Researchers from Harvard University's Wyss Institute say their robot is ready to teach both kids and adults how to code. The team spent three years developing a small, squat hexagon called Root, which is programmed to be cheerful and friendly and resembles the vacuum-cleaning Roomba. It features scanners on its bottom, bumpers along its sides, and a touch interface on top, and Root knows when it is on a magnetic surface. A holder for a dry-erase marker sits on the center of the robot, which can draw on a whiteboard and erase it as well. Using the whiteboard, an iPad, and a language that is easy to understand, children learn to code by teaching Root how to interact with the world. The software language is a simple, graphics-based interface that follows an "if-this-then-that" framework, and Root can detect nearby Wi-Fi devices and has light-sensitive sensors. The robot's abilities scale up depending on a child's coding proficiency, and the programming language also scales. For example, at Level 3, anyone can program Root using programming languages such as Javascript.


Smartphone Users Are Redefining Privacy in Public Spaces
American Friends of Tel Aviv University (04/18/16)

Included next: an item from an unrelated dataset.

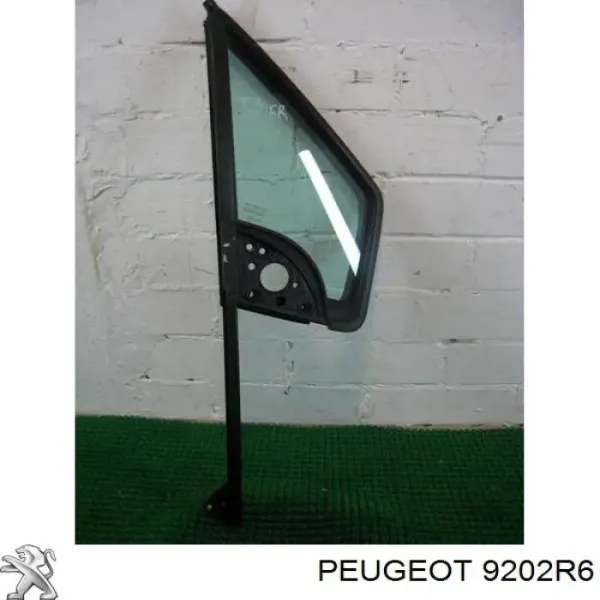 Compre Vidro de janelo da porta dianteira direita Peugeot Partner II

Tel Aviv University (TAU) researchers say "dynamic visibility," in which technological surveillance is combined with personal information volunteered by individuals online, diminishes privacy. TAU's Tali Hatuka says any time a person uses location-aware devices, driving or dating apps, or checks in on Facebook, they are eroding their own privacy. The TAU researchers found some differences among sharing preferences in different types of digital spaces, but these paled beside the willingness of participants to share their locations with their social networks. The researchers developed Smart-Spaces, an Android application that combines smartphone-based surveys with the online tracking of locations and phone app usage. The app was installed for 20 days on the phones of TAU students, who answered context-based surveys in the course of their daily routines. Hatuka notes not only did more than 73 percent of participants share their locations as they answered the surveys, but "there was a correlation between the kind of space they were in...and their willingness to provide information, with a higher willingness to share location and other information when the subject was in public spaces."

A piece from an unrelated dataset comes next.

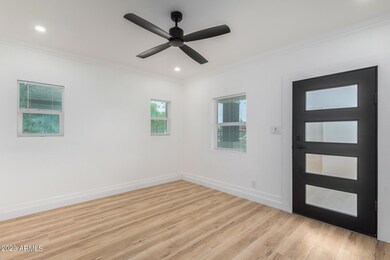 328 N Colorado St, Chandler, AZ 85225 - photo 2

The Professor Who Helps People Find Things
The Irish Times (04/21/2016) Dick Ahlstrom

Dublin City University professor Alan Smeaton has won a Royal Irish Academy Gold Medal for his work with big data as founding director of the Insight Center for Data Analytics. "I build information systems that help people to find what they are looking for," Smeaton says. Among the topics the center focuses on are the enhancement of memory retrieval in people with dementia, computer learning, and personal sensing via more efficient use of data sources, with an emphasis on deriving value from information databases. In terms of memory retrieval, Smeaton says the work entails accumulating a person's memories, activities, and everyday things using wearable cameras to construct a digital footprint. He notes people with short-term memory difficulties can access this archive to re-invoke a context. Smeaton also is studying training a computer to describe video and picture content, which could augment automatic captioning. He notes systems currently can recognize a traffic cone with about 60-percent accuracy, a road with 75-percent accuracy, and a truck with 80-percent accuracy. "If you combine things you get an ensemble effect that gives you interdependencies, and interdependencies can make good descriptors for digital content," Smeaton says.